Keith and Leonid, another of the researchers at Wave Sciences, realized that a mathematical technique used in SONAR to locate enemy submarines in 3D provided some clues about how the Cocktail Party Problem might be solved.
This revolutionary approach involved using noisy audio to estimate the solution to what is technically called The Acoustic Wave Equation for Waveguides with Boundary and Initial Conditions. In simpler terms, they used principles of physics and math devised by Isaac Newton and George Green, respectively, to figure out how sound travels from a point in 3D space to each of multiple receivers, be they ears, microphones, or other sensors. These Green's Functions captured not only how the sound traveled directly, but also indirectly via reflections from surfaces (i.e., the boundaries) in the acoustic space (i.e., the waveguide) despite other sounds already being in the space and potentially interfering (i.e., the initial conditions).
But whether this sophisticated approach could eventually bridge the chasm between a theoretical solution and one that works in the real world was the real question, and took nearly a decade to answer. The team faced moments of doubt and nearly abandoned the approach altogether. But they persevered, drawing inspiration from the remarkable ability of human hearing — after all, even a child's normal hearing can effortlessly solve this problem.
The team went into this research fully expecting that a truly general solution to the Cocktail Party Problem would require out-of-the-box thinking, as none of the many approaches tried over the decades had worked. To mimic human hearing, such a solution had to be robust enough to function in a noisy, crowded, dynamic, and reverberant cocktail party even blindfolded (i.e., without a camera), simply by "paying attention" to one sound at a time without knowing the direction or distance to the source, or whether other masking sources were behind it or between the source and the receivers, and regardless of the source being quieter than the background sound level most of the time.
It became apparent early on that if this approach could be made to work, it would accomplish amazing things with even a relatively small number of microphones. The ultimate goal, obviously, would be to use only two, just like human hearing.
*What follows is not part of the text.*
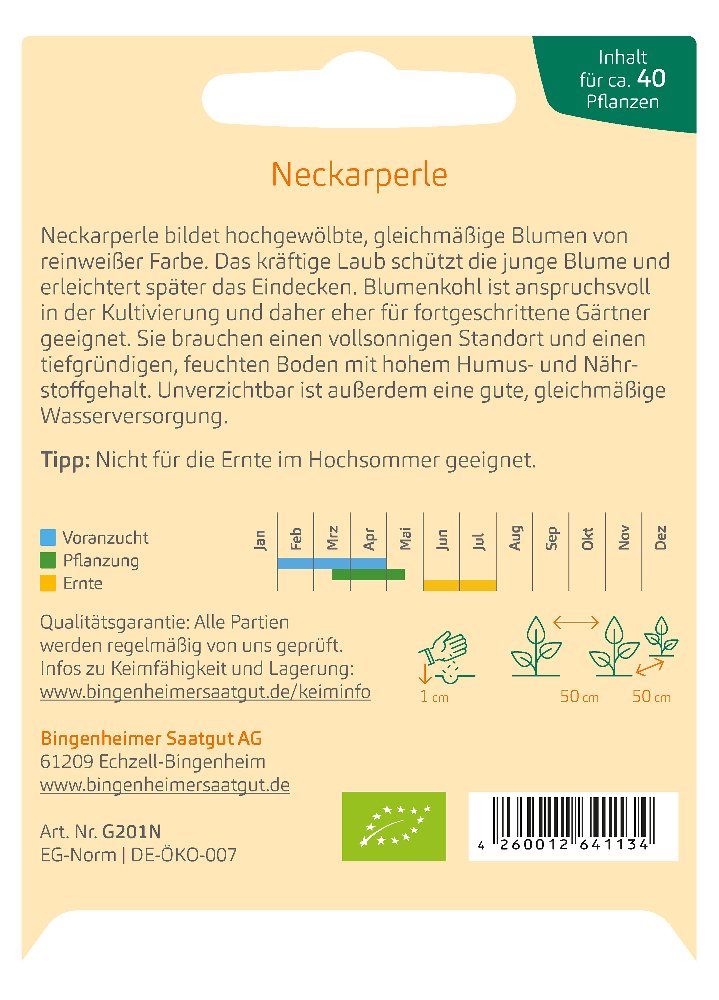 Saatgut Blumenkohl Neckarperle -B-
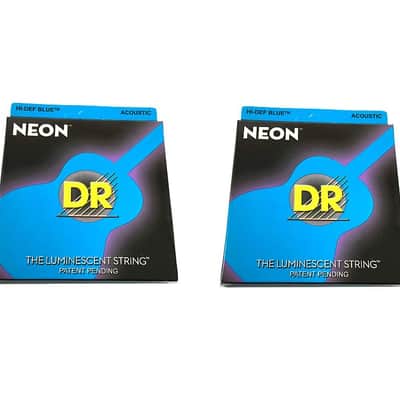 DR Guitar Strings Acoustic 2 Pack Neon Blue Medium Lite 11-50 Luminescent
Using more than two, on the other hand, would produce superhuman results.
Despite many technical challenges and setbacks, the team made slow but steady progress, succeeding first with fully synthesized audio using ideal simulated sensors, then with electronically mixed audio recordings, and finally with fully real sensors, sources, and environments without prior information. And yes, the team eventually demonstrated human levels of performance with only two microphones.
In late 2019, Wave Sciences filed its first patent for what would become known as the GLIMPSE™ engine, adopting human hearing's glimpsing phenomena as its namesake. This breakthrough immediately caught the attention of the United States' FBI, who then conducted extensive testing independently and in coordination with other agencies in North America and Europe to validate our first-of-its-kind solution.
In 2022, Keith experienced deja vu when he was asked to extract a conversation about an alleged crime from recordings with overlapping voices, noise, and reverberation. Unlike his previous war crimes investigation and subsequent experiences, this time there was a tool that could solve the Cocktail Party Problem. The GLIMPSE engine has since been credited with playing a decisive role in this widely-publicized murder-for-hire trial by clarifying previously unintelligible audio recordings collected by the FBI.
Wave Sciences launched Acoustical Focus™, a user-friendly software application that uses GLIMPSE technology to meet the rigorous demands of audio forensic examiners and acoustic analysts in the law enforcement, national security, and military communities.